La verità è che sei tu (il consulente del lavoro, l'HR manager) che potresti salvare (o sabotare) i loro business.
Non serve una rivoluzione. Basta capire una cosa semplice: la funzione HR oggi non si limita più a gestire le ferie estive o a impugnare la spada della contrattualistica. È diventata il centro nevralgico delle scelte strategiche aziendali. E il punto è che molti non se ne sono ancora accorti.
Una funzione HR evoluta crea valore quando sa connettersi agli obiettivi di business. Il punto non è più quanto sei bravo a compilare un cedolino o a pianificare un piano ferie: è quanto riesci a dimostrare che quelle attività contribuiscono alla competitività aziendale. Oggi il valore si misura sulla base di dati, metriche, evidenze. E quando non le hai? Ti resta la narrazione. Ma non basta.
Le aziende vincenti hanno investito nel ruolo dell’HR Business Partner, nel potenziamento dei sistemi self-service per la gestione del personale, nell’outsourcing di alcune funzioni operative per concentrare le energie sulle attività ad alto valore. Parliamo di aziende che hanno preso le funzioni HR e le hanno messe in mano a figure ibride: meno amministratori, più strateghi. Persone capaci di leggere un conto economico quanto un report sulla soddisfazione dei dipendenti.
Lo sapevi che oltre l’80% delle aziende americane ha già adottato almeno una soluzione di outsourcing HR? Non è solo una questione di efficienza: è una dichiarazione d’intenti. Lasciare che siano specialisti esterni a gestire buste paga e benefit significa scommettere sul fatto che il vero valore aggiunto dell’HR sia altrove. Nella gestione dei talenti, nella cultura, nell’engagement.
Non è un caso che oggi si parli di "attivisti credibili" all’interno dell’organizzazione. Non più solo esecutori operativi, ma professionisti in grado di influenzare gli altri, condividere informazioni strategiche, prendere posizione. Figure che, nei momenti di crisi (pandemie, emergenze naturali), diventano punti di riferimento per la tenuta del tessuto organizzativo.
Nel settore consulenziale, questo è ancora più vero. Il Consulente del Lavoro ha oggi l’opportunità storica di uscire dal perimetro tecnico e diventare interprete dei bisogni evolutivi delle imprese. Questo significa due cose: (1) costruire relazioni credibili con manager e imprenditori, (2) saper leggere i dati in chiave strategica. Nessuno ti chiede di diventare CFO, ma se non sai spiegare come le tue attività HR migliorano i margini... buona fortuna.
Uno dei concetti chiave emersi negli ultimi anni (Rif. R. A. Noe) è che la funzione RU deve diventare alleata del business. Non spettatrice. Non notaio. Alleata. Questo implica una trasformazione:
- dal "facciamo ciò che è richiesto" a "proponiamo ciò che serve"
- dal "gestisco il presente" a "preparo il futuro"
- dal "applico la norma" a "creo contesto"

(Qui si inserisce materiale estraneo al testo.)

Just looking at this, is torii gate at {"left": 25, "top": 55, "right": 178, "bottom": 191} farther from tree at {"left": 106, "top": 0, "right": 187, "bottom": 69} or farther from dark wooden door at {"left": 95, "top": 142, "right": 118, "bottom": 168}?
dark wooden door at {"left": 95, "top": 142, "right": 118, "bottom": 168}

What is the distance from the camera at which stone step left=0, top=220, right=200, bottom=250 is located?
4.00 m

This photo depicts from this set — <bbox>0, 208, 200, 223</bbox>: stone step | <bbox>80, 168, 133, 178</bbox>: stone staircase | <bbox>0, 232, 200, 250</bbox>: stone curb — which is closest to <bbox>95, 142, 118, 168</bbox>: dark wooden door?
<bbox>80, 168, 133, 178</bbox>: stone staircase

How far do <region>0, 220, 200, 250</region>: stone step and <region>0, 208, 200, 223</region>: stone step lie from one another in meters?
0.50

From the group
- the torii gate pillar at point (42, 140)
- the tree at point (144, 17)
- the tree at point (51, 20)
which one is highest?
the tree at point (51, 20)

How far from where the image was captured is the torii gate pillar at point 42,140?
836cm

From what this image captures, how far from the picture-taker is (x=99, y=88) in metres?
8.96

Serve visione. Serve capacità di leadership diffusa. Serve il coraggio di portare sguardi nuovi anche quando l’organizzazione sembra dire: “Abbiamo sempre fatto così”.

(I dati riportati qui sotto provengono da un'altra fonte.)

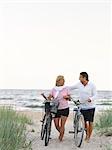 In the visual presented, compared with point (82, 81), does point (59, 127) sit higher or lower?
lower

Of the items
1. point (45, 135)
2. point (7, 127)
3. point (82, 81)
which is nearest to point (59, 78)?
point (82, 81)

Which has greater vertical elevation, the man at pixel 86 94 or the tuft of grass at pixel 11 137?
the man at pixel 86 94

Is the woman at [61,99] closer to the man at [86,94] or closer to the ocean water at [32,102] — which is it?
the man at [86,94]

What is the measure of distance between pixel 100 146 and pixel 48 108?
58.0 inches

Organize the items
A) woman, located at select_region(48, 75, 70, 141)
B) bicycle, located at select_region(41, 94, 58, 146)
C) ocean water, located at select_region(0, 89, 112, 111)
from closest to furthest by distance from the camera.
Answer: bicycle, located at select_region(41, 94, 58, 146)
woman, located at select_region(48, 75, 70, 141)
ocean water, located at select_region(0, 89, 112, 111)

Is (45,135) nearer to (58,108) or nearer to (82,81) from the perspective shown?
(58,108)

Il cambiamento tecnologico, poi, non aspetta. Le piattaforme e-HR, l’intelligenza artificiale applicata alla selezione, la gestione predittiva del turnover sono realtà. Se non le conosci, è un problema. Se non le padroneggi, è un costo. L’HR non è (più) una funzione che può permettersi l’analfabetismo digitale. Non nel 2025. Non dopo tutto quello che abbiamo vissuto.
E non pensare che sia un discorso solo per le multinazionali. In realtà, proprio le PMI hanno bisogno di un HR evoluto. Perché se non possono permettersi 3 software e 7 specialisti, devono saper scegliere bene dove allocare le energie e a chi affidarsi.
Nel frattempo, nel mondo reale, ci sono HR manager e consulenti del lavoro che cercano ancora il senso della loro professione tra un onboarding cartaceo e l’ennesimo corso su come scrivere un CV in Word. Ma c'è anche chi sta facendo la differenza. Con strumenti, dati, empatia e soprattutto con un cambio di postura: da gestore a partner, da esecutore a attivatore.
E tu, da che parte stai?
(P.S. Se ti è venuta voglia di leggere Noe, nessuno ti giudicherà. O forse sì. Ma almeno avrai un vantaggio competitivo.)